Alors que résonnent de plus en plus les cloches du discours féministe de par le monde (Mouvement « Me Too », « Femen », etc.) le Cameroun se glisse subrepticement dans la danse, au gré des récents scandales misogyniques qui écument les différentes sphères de communication. Nous n’allons pas les citer. La littérature est pourtant encore reconnue comme l’art par excellence à-travers lequel les femmes se dévoilent, et en même temps dévoilent des pans d’une société à toujours repenser.

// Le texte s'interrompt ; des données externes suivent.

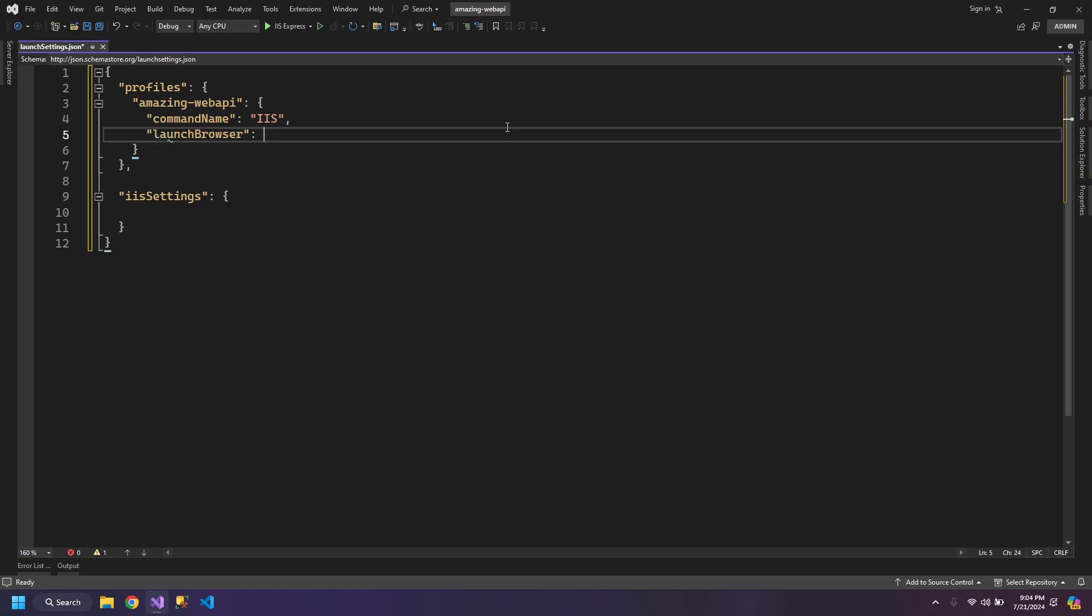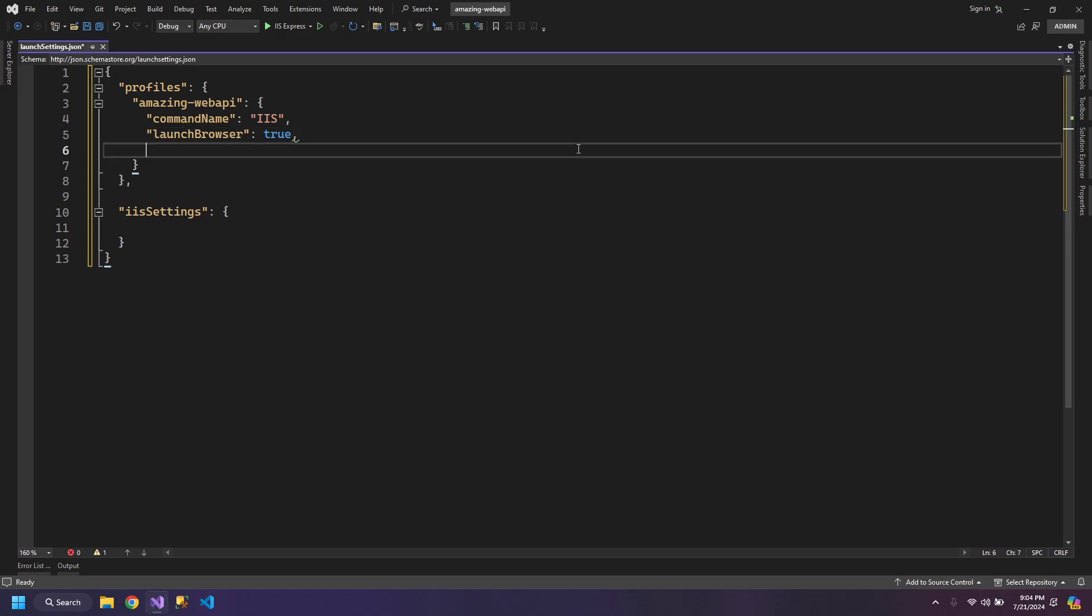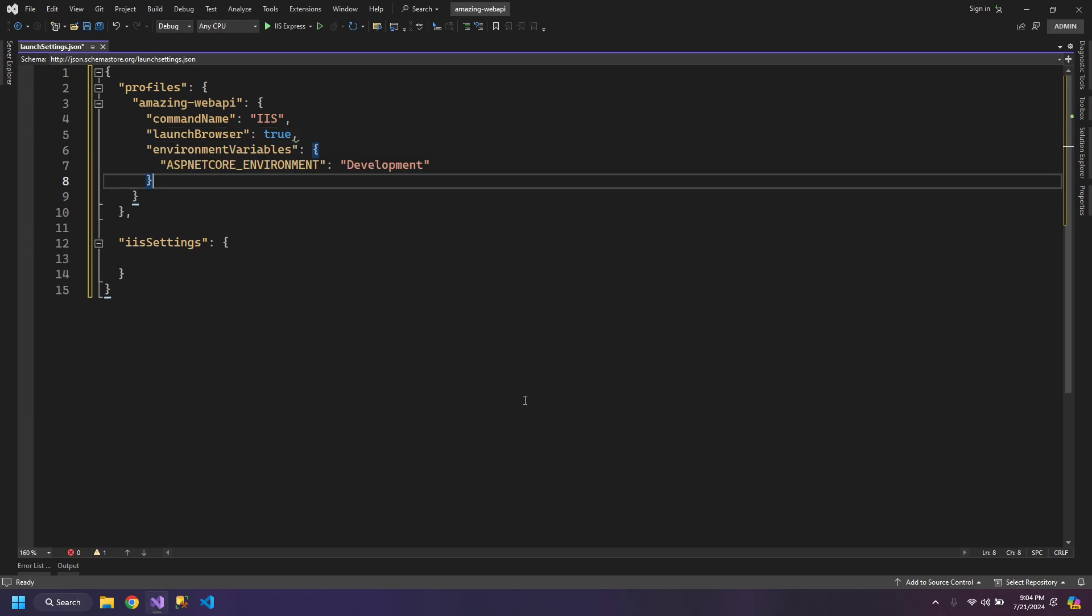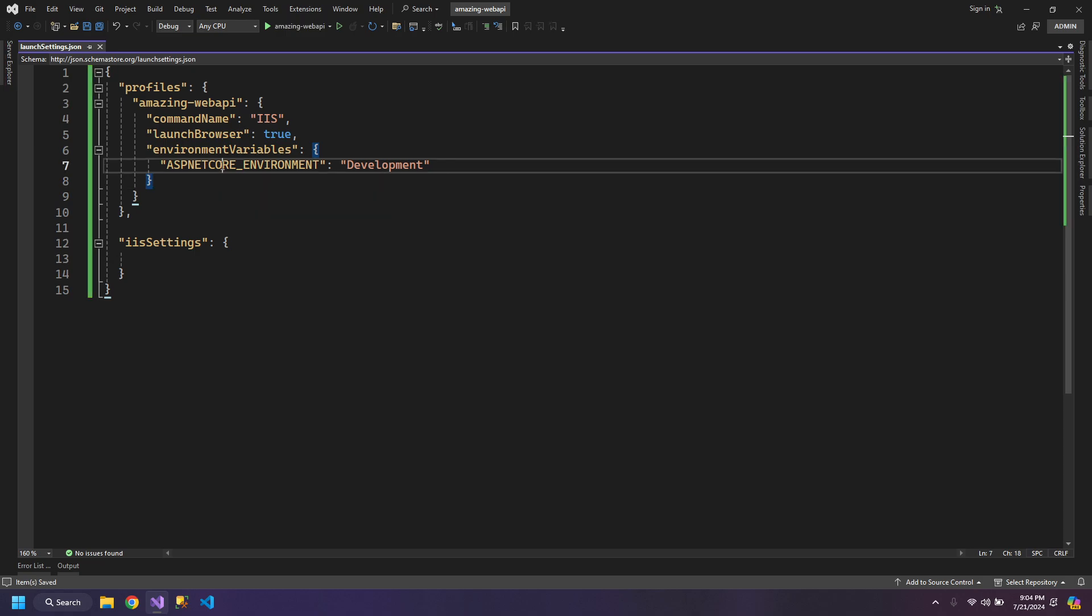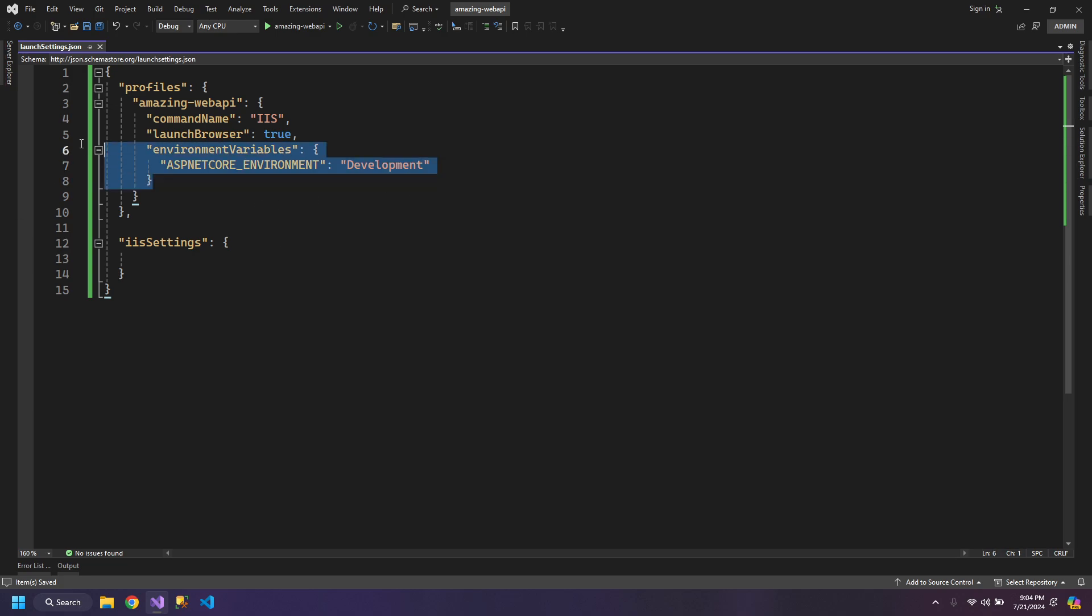Launch Browser should be set to true, so we don't have to run the browser each time. This is optional but we declare an environment variable ASP.NET Core environment to development, so you can have separate settings for development and production.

Mieux, au moyen de leurs plumes, les femmes savent remettre en question les stéréotypes et autres formes d’impositions de l’ordre établi. Qu’elles soient camerounaises ou étrangères, les auteures ont toujours apporté leur contribution au polissage de la compétence critique, lexicale, voire créatrice des jeunes apprenants camerounais. Qu’il s’agisse de Georges Sand et son roman Le Secrétaire intime, Delphine Zanga Tsogo et ses Vies de femmes, Evelyne Mpoudi Ngollé avec Sous la cendre le feu, les femmes ont su parler à notre jeunesse avec leur sensibilité à elles propres. Malheureusement, au fil des années il se ressent une incompréhensible tendance féminicide dans les manuels scolaires de littérature. Dans les salles de classes, les écrivaines semblent alors condamnées au silence !
Des statistiques qui parlent
La présentation de la dernière liste des manuels prescrits par l’Etat sonne incontestablement le glas de plusieurs pratiques reconnues comme malsaines à la réalisation des objectifs fixés pour le manuel scolaire. Seulement, si nous nous intéressons aux contenus, voire aux « visages » de notre littérature scolaire, nous constatons amèrement que nous tendons progressivement à une épuration pure et simple de la voix féminine dans notre programme éducatif. En 2016 déjà, dans un article consacré à ce sujet, Blaise Tsouala posait un diagnostic effarant : celui de la « conspiration du silence » à l’égard de la parole des femmes. Sur la base d’une étude statistique de la distribution paritaire des auteurs sélectionnés au programme scolaire de l’enseignement général et technique francophone de 1997/1998 à 2016/2017, il démontrait clairement cet état des choses. En effet, sur les 48 auteurs décomptés au total, seules 7 étaient des femmes, soit un pourcentage de 14,58%, contre 85,41% pour les hommes. Bien loin de toute idée de fifty-fifty revendiquée jusqu’ici.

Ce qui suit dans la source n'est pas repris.